Alu Vadi (Steamed Colacasia/Taro leaf rolls)

December 21, 2006 at 12:21 pm 17 comments

As promised earlier, I am posting this recipe for Alu Vadi (Steamed Colacasia/Taro leaf rolls).I made these almost 10 days ago and never got the time to post them. My little one keeps me busy most of the time when I am back from work. Earlier he would go to sleep by 8 -8:30 in the night and I would get some free time to blog .Now-a-days he puts me to sleep! Most of the times I doze off while trying to put him to sleep.Even to take a photograph before I leave to work has now become tricky. He gets his own plate and says ‘Mama Phofo!’ So first we take photos of his plate and then mine. Then sometimes he has the whim to click the photos! (You can see some of my pics not so artistic-that’s our joint effort!)

Anyways I am trying my best to keep blogging come what may….someday both of us will write a post together too!

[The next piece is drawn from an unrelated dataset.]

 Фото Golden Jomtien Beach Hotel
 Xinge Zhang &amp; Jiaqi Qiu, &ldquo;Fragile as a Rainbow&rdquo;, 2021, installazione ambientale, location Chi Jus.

Coming back to Alu Vadi,-Alu in Marathi, Arbi in Hindi and Colocasia/Taro in English. We have these plants in our kitchen garden. Alu is a very hassle free plant. It only needs good amount of water- not much pampering is required.We make curry (Alu chi Bhaji) from the Alu leaves or Alu Vadi (Steamed rolls). Both are delicious though I prefer the Vadi more.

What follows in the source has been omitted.